A combination of improved technology, targeted marketing, and improved market intelligence is beginning to pay off for the South African potato industry.
This was evident in 2025, when production climbed to a record 276 million 10kg bags, up from 256 million in 2024, despite only a modest increase in plantings. The crop was grown on 53 094ha, compared with 52 368ha the previous year. Average yield increased by 5% year-on-year to reach 52t/ha in 2025.
Speaking at the Sandveld Potato Growers’ Association’s annual general meeting in Dwarskersbos, Western Cape, last week, FP Coetzee, manager of information and regional services at Potatoes SA (PSA), said the gains reflected a steady improvement in farm-level efficiencies.
“That is nine million bags more than the previous record of 267 million bags set in 2019, and from about 2 000ha less land,” he said.
At the same time, efforts to stimulate demand are beginning to shift market dynamics. After sharp price swings during periods of oversupply in 2023 and 2024, the market showed signs of greater stability in 2025, although prices remained under pressure.
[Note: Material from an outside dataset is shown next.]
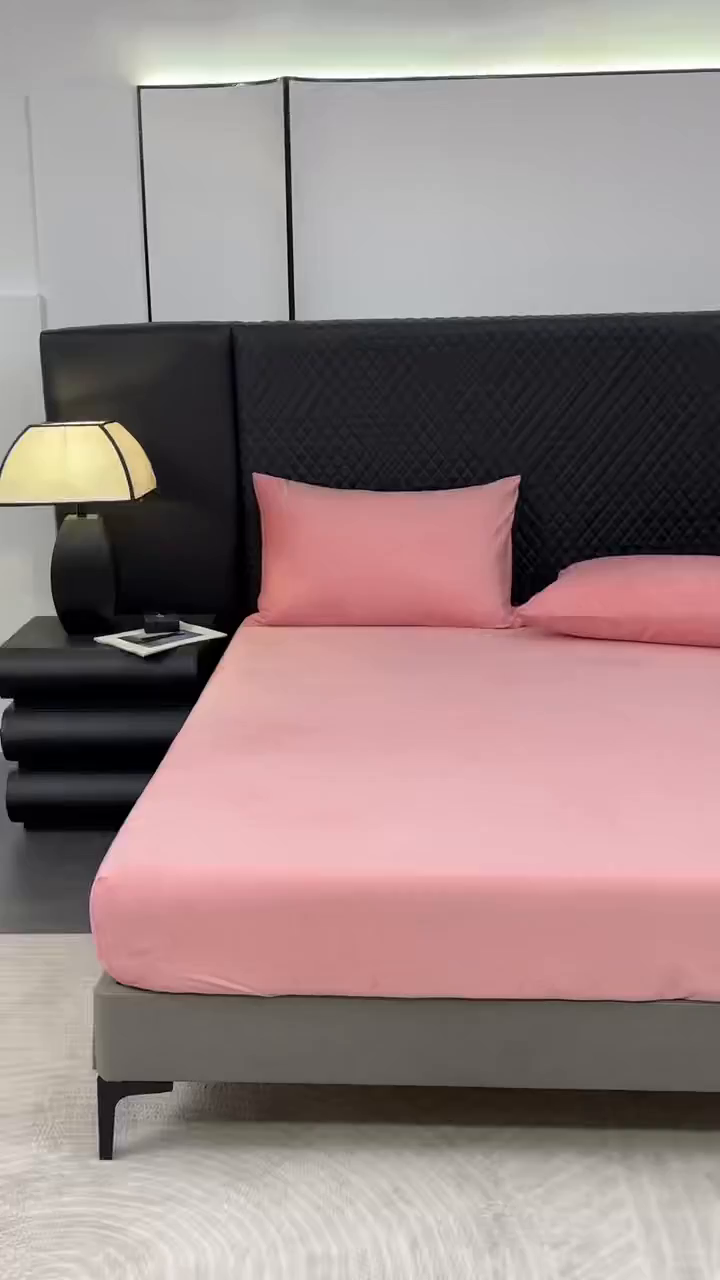 91家纺网 家纺一手货源 找家纺 馨乐家纺 2025新款简约时尚纯色水晶绒床笠 豆沙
In 2024 and 2025, the average price for a 10kg bag was R57,44 and R63,17, respectively, compared with R66,26 in 2023.
According to Coetzee, this relative stability was supported by targeted campaigns to boost consumption.
“Some retailers reported sales increases of more than 155% for some periods during 2025, while per capita consumption rose from 37kg to 39,9kg over the past year,” he explained.
Building on this momentum, PSA is now looking to strengthen its financial base.
CEO Willie Jacobs told producers the organisation must apply this year for the renewal of its statutory levies for the 2027/28 to 2030/31 period, as the current four-year cycle comes to an end in 2026/27. The proposal must first be approved by members at the national congress in July before being submitted to the Department of Agriculture.
Central to the application are two key changes. The first is to align levy contributions across the value chain. At present, levies differ significantly between categories, with guideline rates of 478c/kg for table potatoes, 478c/kg for exports, 383c/kg for processing potatoes, 110c/kg for seed potatoes, and 11,9c/kg for imported potatoes.
“We are not looking to increase the levy on table potatoes. The aim is rather to ensure a more equitable contribution, as all segments benefit from the work being done,” Jacobs said.
The second change is to link levy adjustments to the consumer price index instead of production volumes. Jacobs said this would help smooth income over time and reduce the impact of fluctuating harvests.
“A ceiling, for example 3%, would be built in to guard against sharp increases in times of economic pressure,” he said.
Strict government regulations would continue to guide how funds are spent, with minimum allocations prescribed for areas such as research, transformation, and administration.
If approved, the changes could increase PSA’s funding by between R70 million and R80 million over the four-year period. This would allow the organisation to channel a greater share of its budget into industry projects, lifting spending from the current 37% to as much as 50%.